July 30, 2012

Bigfoot and the Muscle Machines, chapters 7-9





Chapter 7

Barbarian comes to a stop at the edge of the pit, at the bottom of which lies a defeated Bigfoot, pierced all the way through by multiple spikes. The limo driver climbs down to retrieve the map, but all he gets is Yank's fist. The ensuing fight isn't exactly in Yank's favor as the limo driver has about a foot of hard muscle on the other man, so Sandra ends things by wedging the gas pedal of Barbarian and sending it racing through the woods, the limo driver in angry pursuit.

The heroes take to the road again, a busted up Bigfoot hitched up behind Black Gold. While everyone is distracted by some flirtatious games between Close McCall and Redder, a pair of cement trucks up ahead of them quickly dump their loads, trapping everyone in quick drying cement. Three massive steamrollers bear down on our heroes from behind, but our heroes manage to break free and rush off.

They pull into a scrap yard where Yank sets about making repairs to Bigfoot. After pressure from the others, Sandra reveals that the map chronicles Ponce de Leon's final expedition, where he finally discovered the Fountain of Youth in what's now known as Florida before being fatally set upon by native warriors. The rest of the heroes are a bit sceptical, but they don't have long to discuss matters before Barbarian starts crushing towards them through the scrap yard.

Professor Dee and Dilly hop into the Orange Blossom Special to create a diversion, but his truck is snatched into the air by a magnetic crane and dropped into a compactor, the walls of which start to close in.
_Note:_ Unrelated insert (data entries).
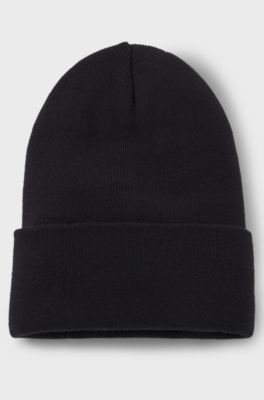 Cotton beanie hat with logo label, Black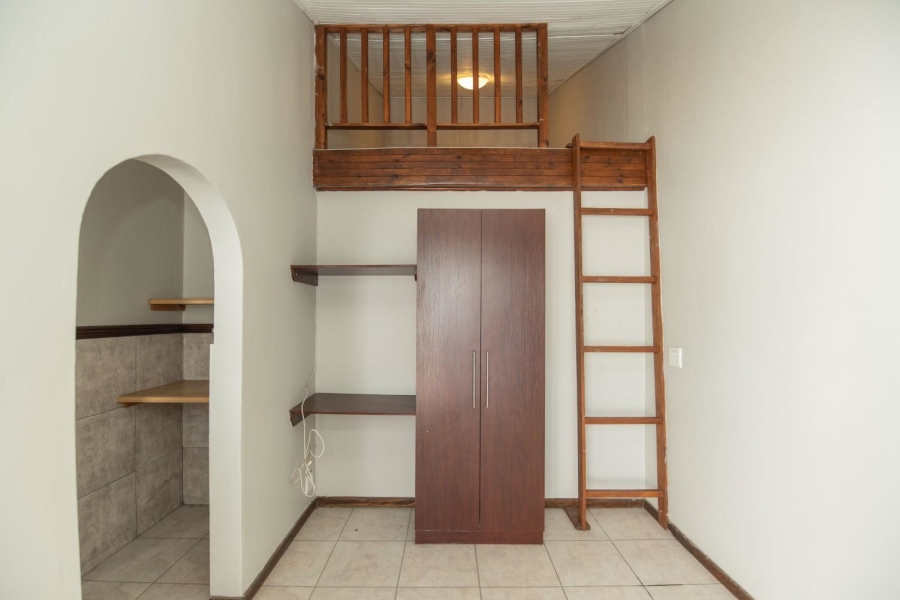 6 Bedroom Property for Sale in Walmer Heights Eastern Cape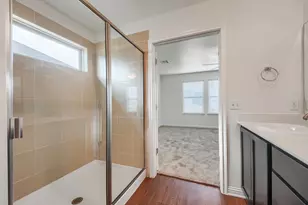 8106 Dampton Ln, Austin, TX 78744 - Photo 19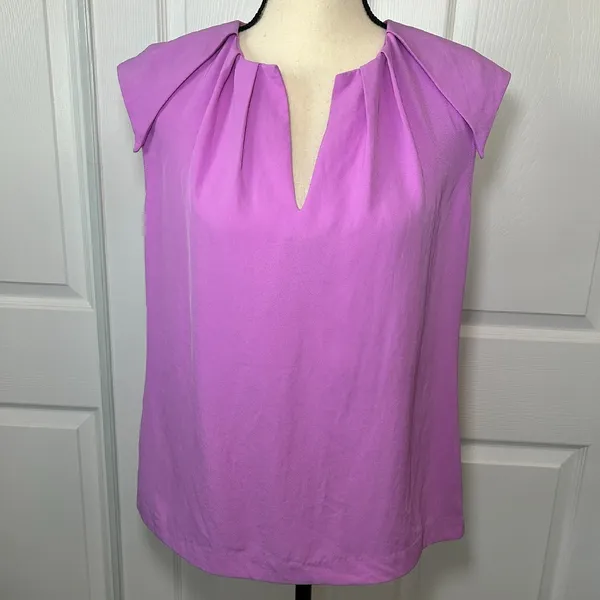 Banana‎ Republic Purple Cap Sleeve Top Pleated Neck Size XS - Image 2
Red and Redder want to help, but Barbarian veers straight at them.

Chapter 8

Bigfoot explodes through a wall and slams Barbarian into a mountain of cars. Red and Redder use Yank's tow-line trick to take out the control tower of the junk yard and the compactor goes dead just as it barely dents the Orange Blossom Special. Professor Dee and Dilly breath a sigh of relief.

Barbarian rips out of the mound and literally starts butting heads with Bigfoot. They take turns running head-on into one another, the massive Barbarian obviously having a significant advantage as it finally sends Bigfoot tumbling. Yank tries a new tactic, using another mound of cars as a ramp to launch Bigfoot into Barbarian from above. The massive truck obviously wasn't designed for such an impact as it crumbles into pieces and the limo driver narrowly escapes before the remains explode.

While everyone celebrates, the limo driver snatches Sandra and the map, tossing both in the back of his limo before racing off. Close McCall is the first to pursue, but the limo clouds smoke and slicks the road, sending War Lord into a ditch.

In the limo, Sandra is bound and refusing to cooperate with Adrian Ravenscroft. She claims she fully translated the map for the heroes, but the limo's polygraph (yes, it has a polygraph) reveals she's lying. When it's discovered the heroes have all mobilized and are on the chase, Ravenscroft presses a button that turns the entire back seat into a sophisticated control room.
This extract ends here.